** DATA FOR PROCESSING follows **
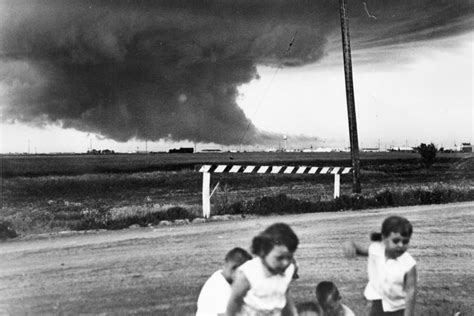 60 Years Later Fargos 1957 Tornado Still Haunts
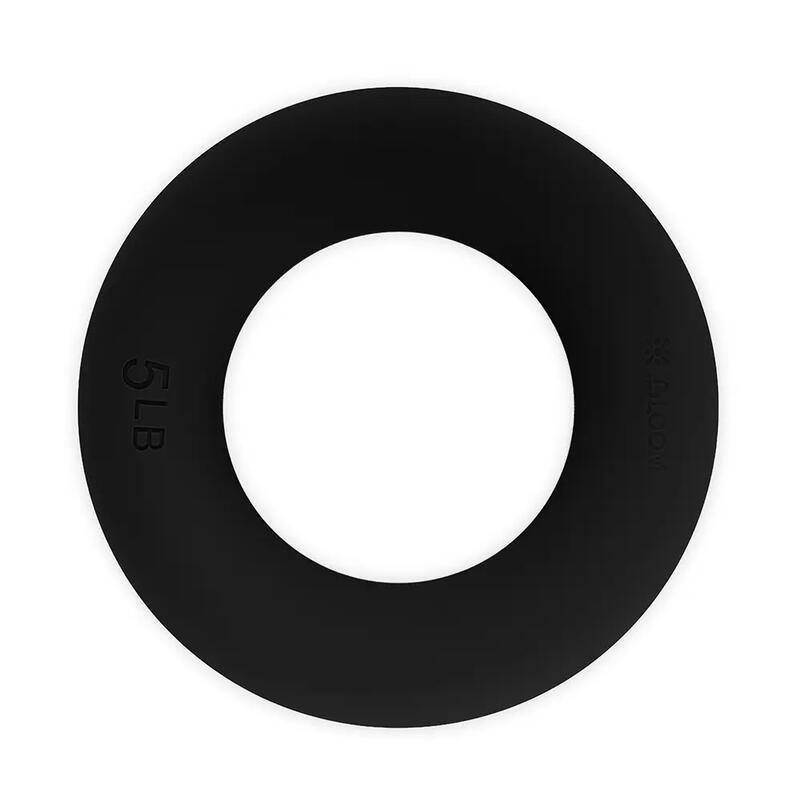 Bloom LB7183-08-BK 3,6 Kg Halo Dambıl
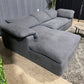 RH- Restoration Hardware CLOUD 3-PIECE LEFT-ARM CHAISE SECTIONAL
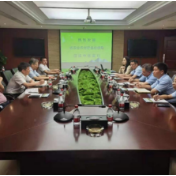 湖南省农业农村厅领导赴中联农机股份有限公司调研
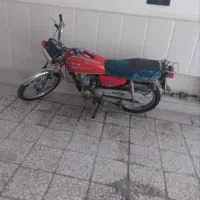 مدل ۸۵ لاستیک جلو  وعقب نو  چراغ ها سالم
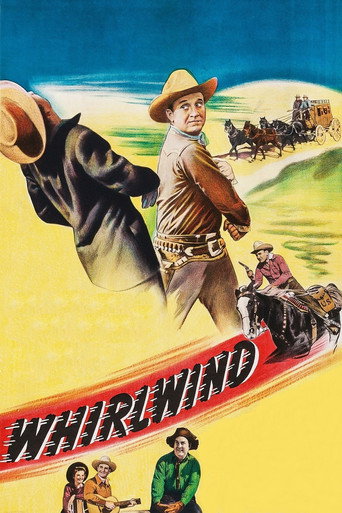 Póster de Whirlwind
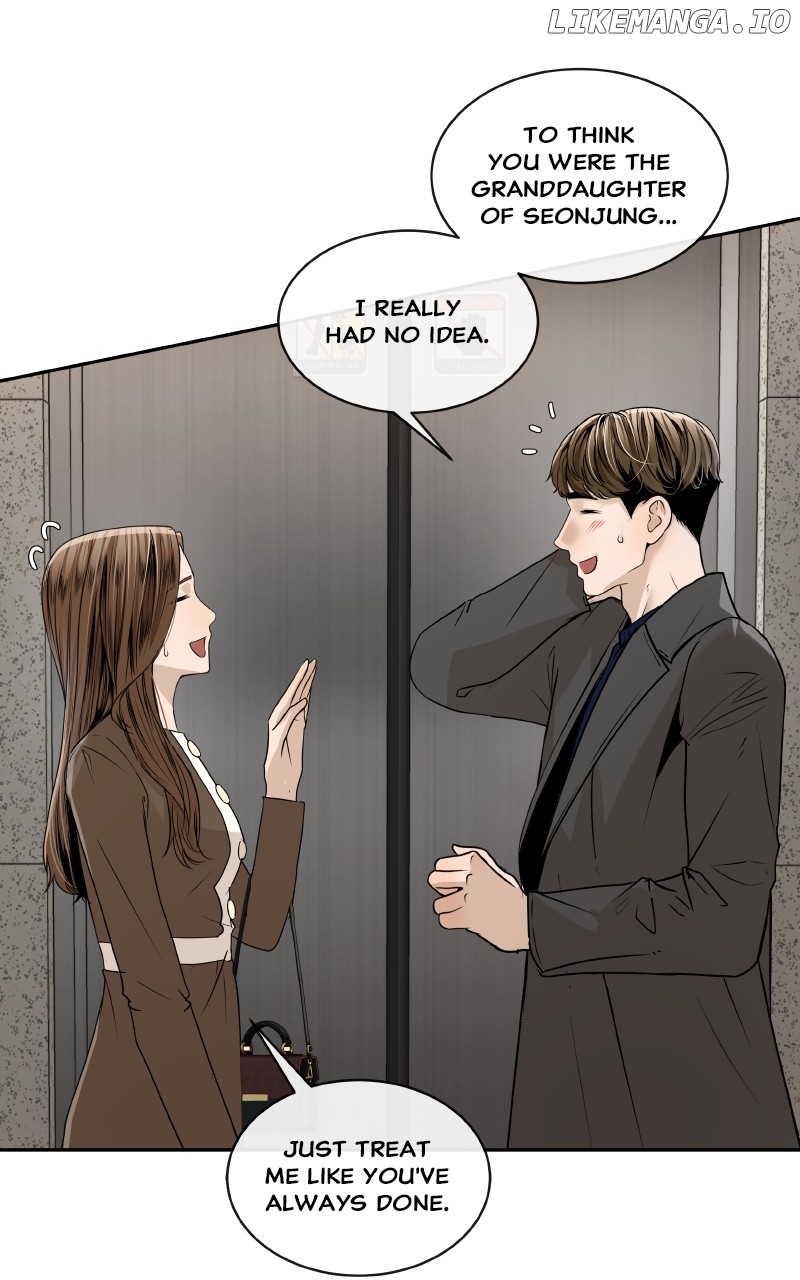 I Give You My All Chapter 49 - page 6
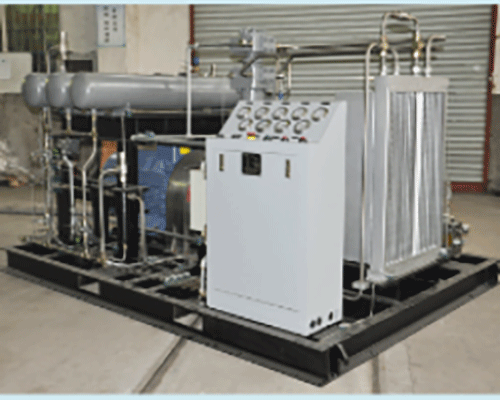 Mother Station CNG Compressor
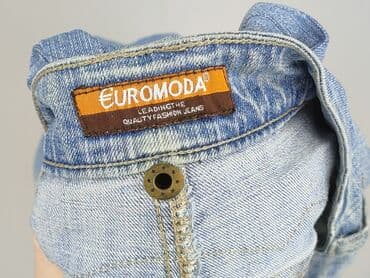 jeansy 46: Jeansy damskie, rozmiar L — 4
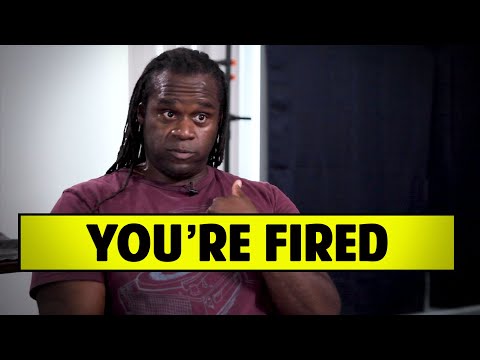 Why Selling A Screenplay And Being Fired Is A Good Thing - Markus Redmond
** End of DATA FOR PROCESSING **
→ WORK TO BE COMPLETED: To complete this exercise, repeat exactly the lines above from the one holding "مدل ۸۵ لاستیک" to the end of the listing, both included, and leave the pictures out.

→ TASK RESULT:
 مدل ۸۵ لاستیک جلو  وعقب نو  چراغ ها سالم
 Póster de Whirlwind
 I Give You My All Chapter 49 - page 6
 Mother Station CNG Compressor
 jeansy 46: Jeansy damskie, rozmiar L — 4
 Why Selling A Screenplay And Being Fired Is A Good Thing - Markus Redmond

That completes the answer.